Let’s test with sample:
**Sample 1: n=3, k=2**
- D = 8
- k=2 <= 8 → proceed
- v = 3 + v2(1!) = 3 + 0 = 3
- x = 2^3 mod M = 8
- P = product_{i=0}^{1} (8 - i) = (8)(7) = 56
- 2^(3*2) = 2^6 = 64
- N = 64 - 56 = 8
- A = 8 / 2^3 = 1
- B = 2^{6-3} = 8
→ Output: 1 8 → correct
**Sample 2: n=1, k=3**
- 2^1 = 2, k=3 > 2 → output 1 1 → correct
Another test: n=2, k=3 → D=4
v = 2 + v2(2!) = 2 + 1 = 3
x = 2^2 = 4
P = (4)(3)(2) = 24
2^(2*3)=64
N=64-24=40
A=40 / 8 = 5
B=8
But probability = 1 - (4*3*2)/64 = 1 - 24/64 = 40/64 = 5/8 → so A=5, B=8 → correct
Compute mod M: 5 mod M =5, 8 mod M=8 → output 5 8
All good.
---
### ✅ Final Answer:
We output $ A \mod M $ and $ B \mod M $ as computed above.

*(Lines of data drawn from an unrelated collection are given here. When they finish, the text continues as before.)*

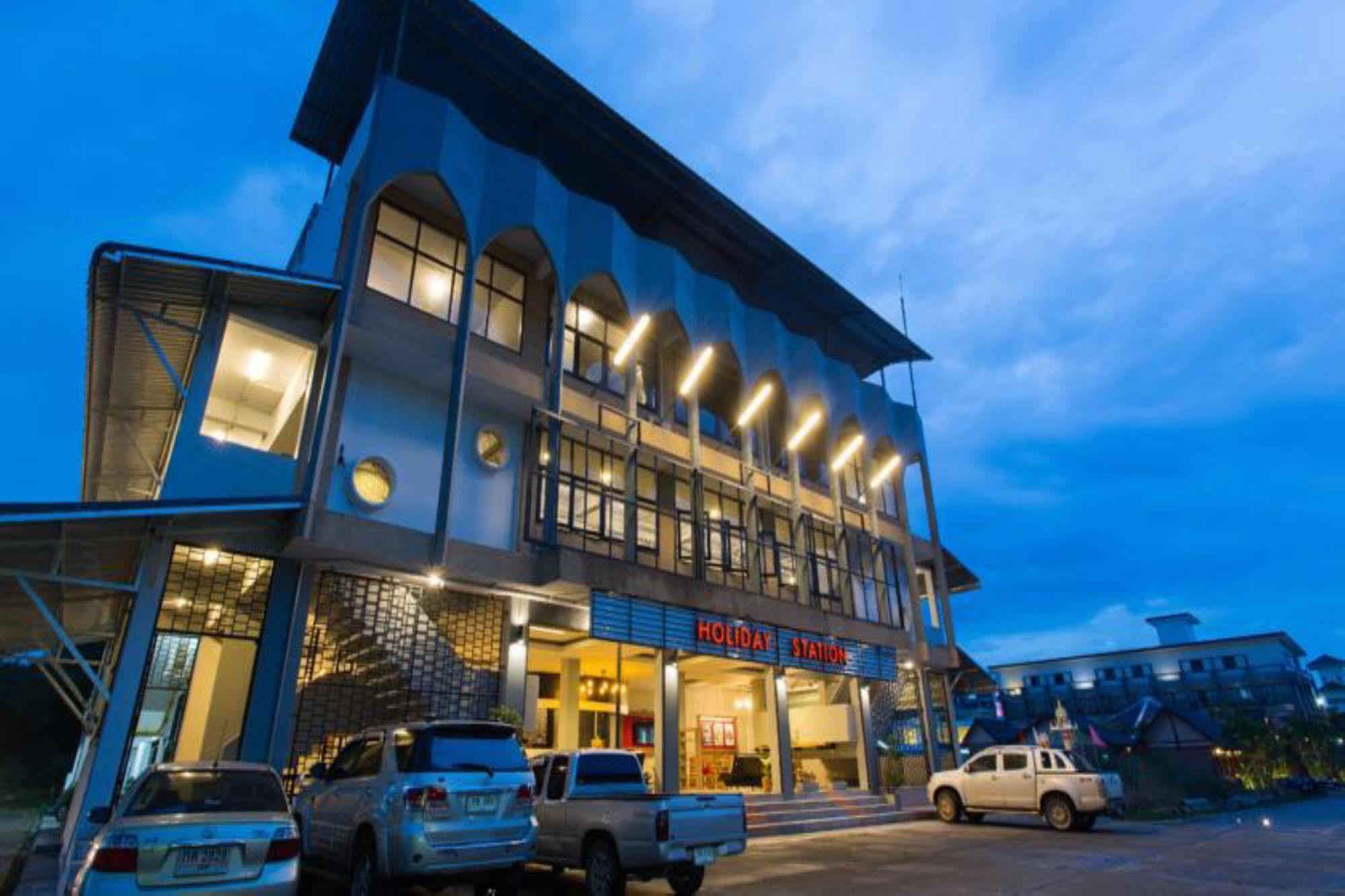 Holiday Station Hostel Krabi town Exterior foto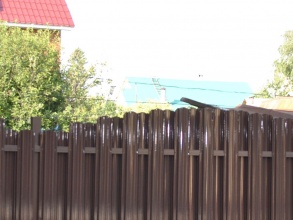 Забор из евроштакетника на ленточном фундаменте 10 метров фото в Дмитрове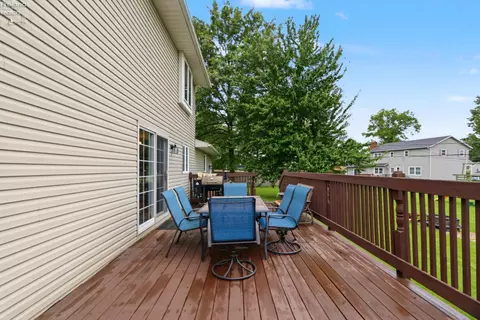 Exterior - 602 Linden Ln, Willard, OH 44890 photo 5 of 11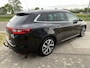 Renault Megane Estate 1.5 dCi Bose / Dealer onderhouden / Trekhaak / Camera / Bose Sound / Climate / LMV /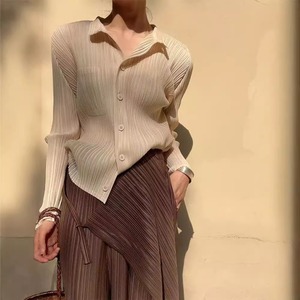 プリーツ 長袖 シャツ レディース トップス 丈長 ミディアム 長袖 襟付き ポケット リブ 前開き ボタン かわいい 大人可愛い きれいめ シンプル カジュアル 上品 おしゃれ こなれ感 エレガント 無地 春 秋 冬 ママ 通勤 学生 学校 通学 デート お出かけ 旅行 公園 女子会 休日 ショッピング カフェ 重ね着 普段使い 着回し レイヤード フリーサイズ アプリコット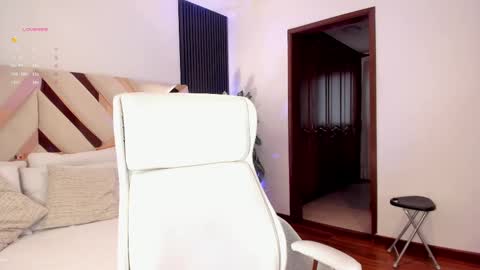 Snapshot of missthailand_ chatting on 23, 9, 2025 Fernanda Davila online show from 23, 9, 2025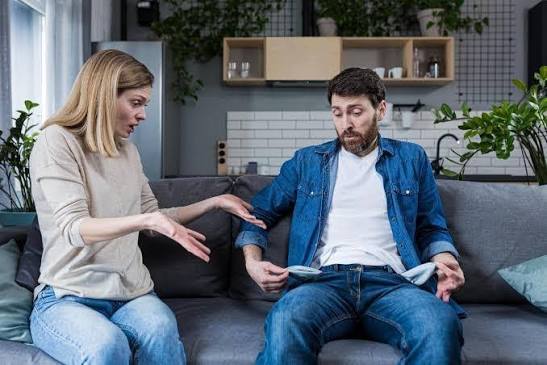 Maddi durumu iyi olmayan biriyle sevgili olunur mu?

The mathematical formulation is:
Let $ D = 2^n $, $ v = n + v_2((k-1)!) $
If $ k > D $:
$ A = 1 $, $ B = 1 $
Else:
$ A = \frac{D^k - D^{\underline{k}}}{2^v} $, $ B = \frac{D^k}{2^v} $
With $ D^{\underline{k}} = \prod_{i=0}^{k-1} (D - i) $
And compute modulo $ 10^6 + 3 $ using modular arithmetic as above.